Hava yollarını tıkayıcı hastalıklar olan astım ve KOAH dünya üzerinde milyonlarca insanı etkilemektedir. Bu iki hastalığın nedeni ve belirtileri birbirinden farklı olsa da kronik seyir izlemeleri ve hava yollarında inflamasyona neden olma gibi ortak özellikleri de vardır. Bu hastalıklar sonucunda, akciğerlerin hastalık etkeni mikroorganizmalara karşı verdiği savunmanın zayıflamasına neden olur. Zatürre gibi solunum yolu hastalıklarının ölümcül seyretme riski artar. 
Kronik metabolik bir hastalık olan şeker hastalığı, kan şekerinin sürekli yüksek olması ile karakterize bir durumdur. Pankreastan insülin salgılanmasının bozulmasına veya vücutta insüline karşı direnç oluşmasına sebep olur. Şeker hastalığı sıklığı hem erkeklerde hem de kadınlarda yaşla birlikte artmaktadır.

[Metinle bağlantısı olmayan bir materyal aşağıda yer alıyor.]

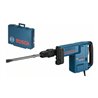 Bosch Schlaghammer mit SDS-max GSH 11 E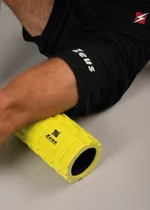 rullo-muscolare-zeus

Bunun nedeni ise hareketsizlik ve dengesiz beslenme gibi zararlı yaşam tarzındaki değişiklerdir.
Kronik eklem iltihapları, bir ya da birden fazla eklemde şişlik ve hassasiyetin eşlik ettiği iltihaplanma durumudur. Yol açtığı temel şikayetler ise yaş ilerledikçe ağırlaşan eklem ağrısı ve hareket kısıtlılığıdır. Kronik seyirli eklem iltihapları en sık iki şekilde görülür. İlk iki sırada kireçlenme ve romatizma yer alır.

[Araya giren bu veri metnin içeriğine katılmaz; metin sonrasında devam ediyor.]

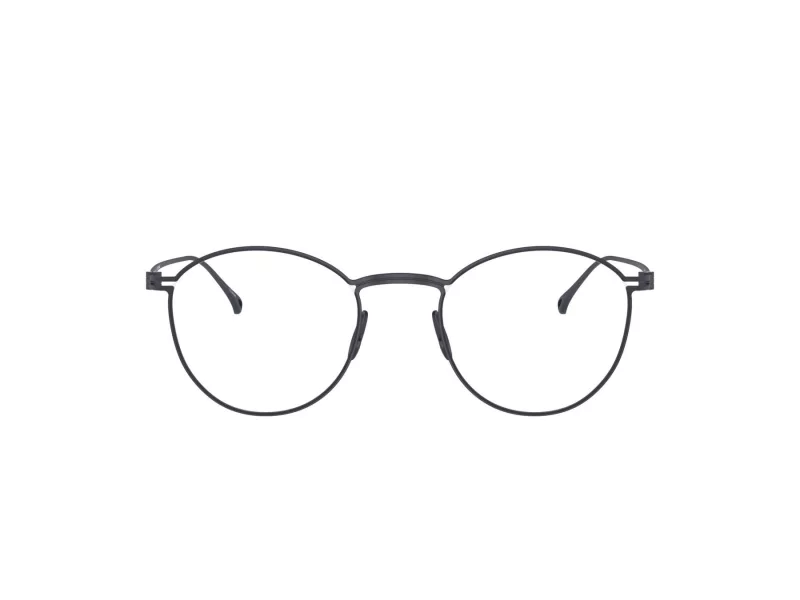 Giorgio Armani Glasögon AR 5136T 3351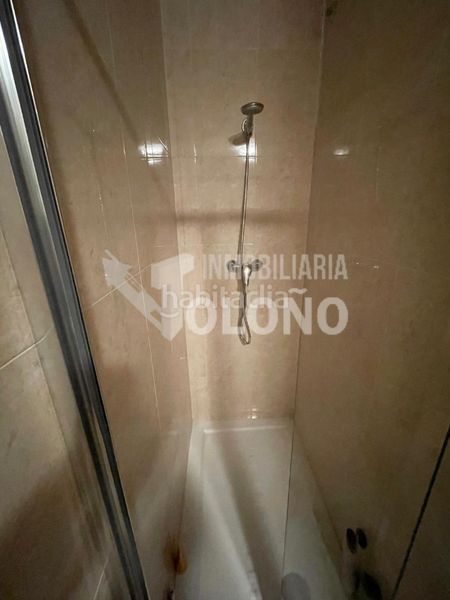 Foto f25d4c90-a6d6-4d12-972c-008d2e0f4176. Dúplex amb calefacció piscina a Castañares de Rioja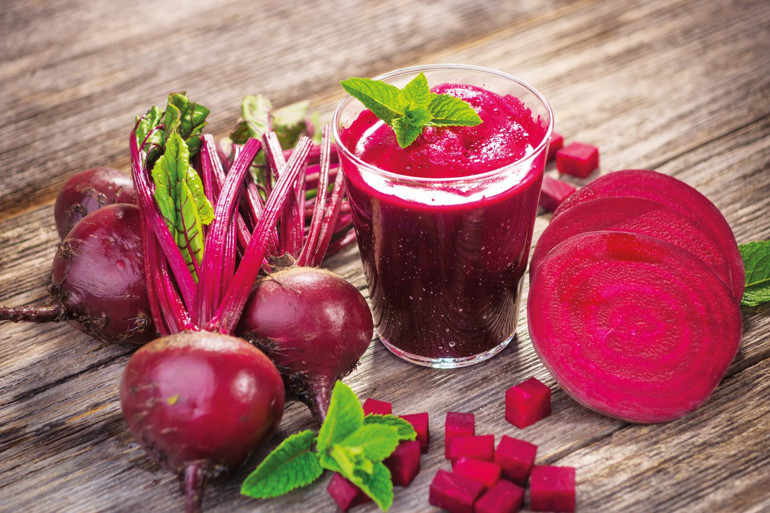 Neden bazıları daha sık ve kolay hastalanır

Kireçlenme hastalığında, eklemlerdeki kıkırdak yapıda aşırı kullanımlar sebebiyle hasar meydana gelir. Bu hasar sonrasında eklemlerin hareketi sınırlanır. Kayganlığın kaybolmasına bağlı olarak eklemleşen kemikler birbirine sürtünmeye başlar ve bu da kemik zedelenmesine neden olur.
Romatizma ise, vücut savunmasının temeli olan bağışıklık hücrelerinin kişinin kendi eklemine karşı açtığı savaşı tanımlar. Eklem sıvısı ile kıkırdak arasında başlayan hasarlar, zamanla ekleme ait tüm yapıları tutabilir.